SRSG report to the General Assembly calls for accelerated action towards the elimination of all forms of violence against children

New York, 8 September 2016 - Progress in implementation of the Agenda 2030 targets on violence against children needs to be at the heart of the policy agenda of every nation, urges SRSG Santos Pais 

This year’s annual report of the SRSG-VAC to the UN General Assembly focuses on the historic opportunity presented by the 2030 Sustainable Development Agenda to put children’s freedom from violence at the heart of the policy agenda of every nation. The inclusion in Agenda 2030 of a distinct target (16.2) to eliminate all forms of violence against children provides a unique opportunity to galvanize political will and reignite worldwide action. The SRSG recalls the UN Study on Violence against Children, whose 10th anniversary is commemorated in 2016: “its recommendations remain as valid today as ten years ago, and their potential to promote a quantum leap in global implementation efforts to achieve the Agenda 2030 targets to protect children from violence endures.”

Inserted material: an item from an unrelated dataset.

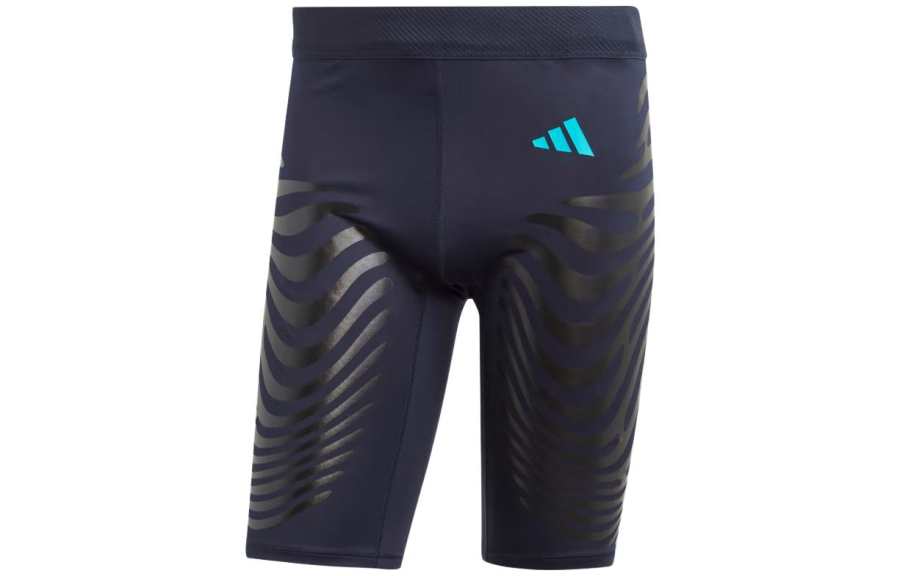 Adidas Adidas Sports Shorts Men's Dark Blue Moderate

The SRSG’s report stresses the urgency and scale of the task ahead. A recent study estimates that over the past year at least one billion children between 2 and 17 years of age were victims of some form of violence. Across nations, the number of children involved in exploitative work and slavery-like practices reaches countless millions; in developing countries, one in every three girls is married before age 18; and children below 15 years of age represent 8 per cent of victims of global homicides. In addition to domestic and community violence, conflicts affect millions of children and the world confronts the greatest wave of child migrants and refugees since the Second World War, with all the attendant risks of violence and exploitation these desperate situations bring in their wake.

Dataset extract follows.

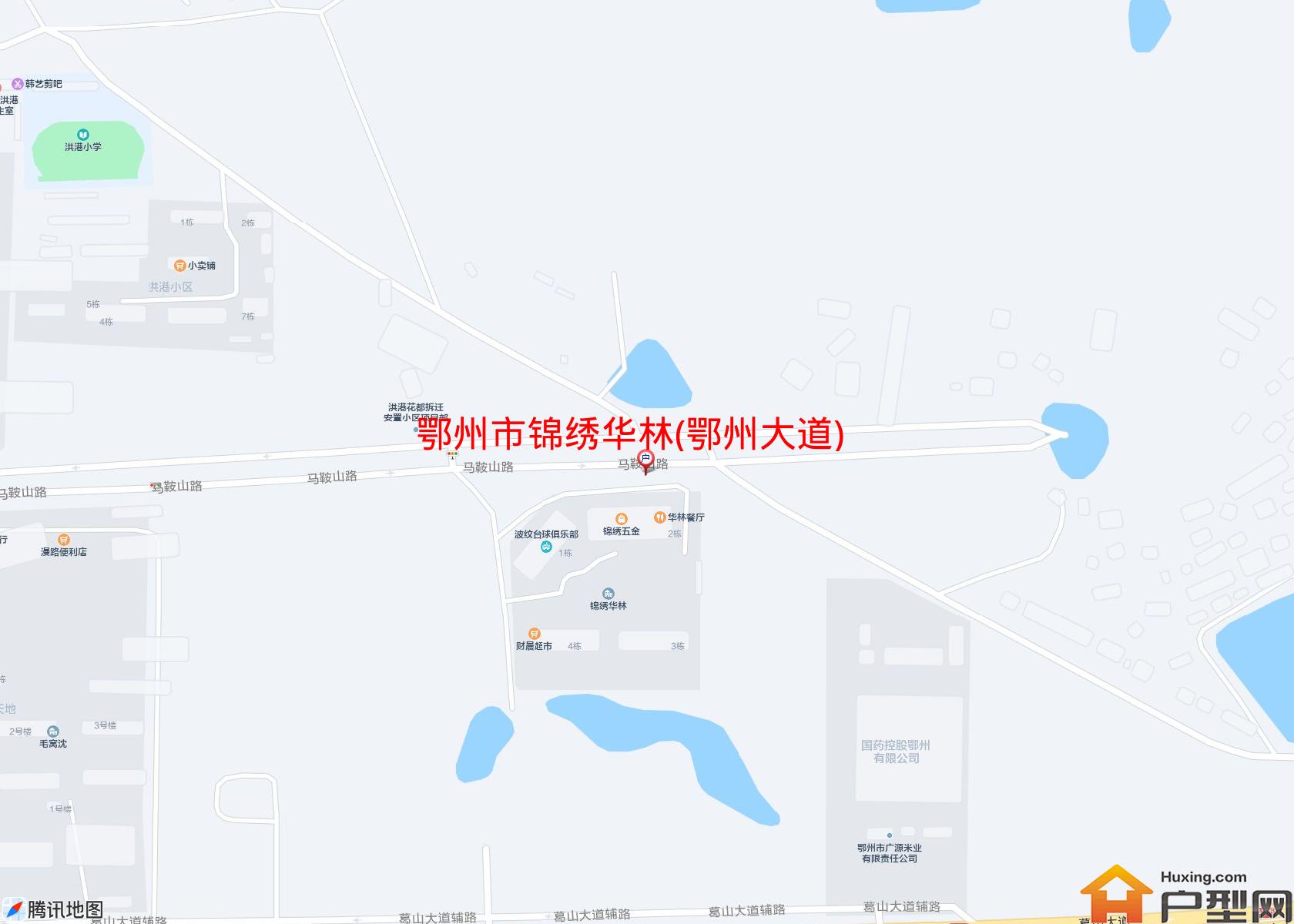 锦绣华林(鄂州大道)小区 - 户型网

The report recalls important recent initiatives that will help move towards the elimination of all forms of violence against children by 2030. These include the High Time initiative – launched by the Special Representative in March 2016 to mobilize governments, international and regional organizations, professional associations, faith-based organizations, the business sector and civil society partners, as well as children themselves – which is widening the circles of those committed to freeing all children from violence and the effectiveness of their actions; the development by WHO of a global action plan to strengthen the role of health systems in addressing violence against children, and INSPIRE, a package of proven evidence-based interventions to prevent and respond to incidents of violence; the launch of new global partnerships in support of the SDGs including Alliance 8.7 on child labour, and the Global Partnership to End Violence against Children; and the continued progress in strengthening evidence to inform policy making, and in legislative reforms to protect children from violence, clearly confirmed by the increasing number of countries with comprehensive legal bans on all forms of violence. 

Similarly, regional developments have been crucial to promote national level action towards the achievement of violence-related SDGs, and the past year has been marked by the adoption of regional plans by ASEAN and the Council of Europe, and initiatives in Africa, South America, South Asia and the Arab region working toward the same objective.

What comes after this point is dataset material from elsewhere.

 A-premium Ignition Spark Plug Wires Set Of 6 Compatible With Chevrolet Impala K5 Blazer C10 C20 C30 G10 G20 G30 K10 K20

The SRSG report also provides an update on the development of the Global Study on Children Deprived of Liberty, requested by the General Assembly. In support of this process, the SRSG organized with UNICEF a regional conference on the oversight, inspection and monitoring of places where children are deprived of liberty in the framework of the criminal justice system. The findings and recommendations included in the report will be an important contribution to the Global Study.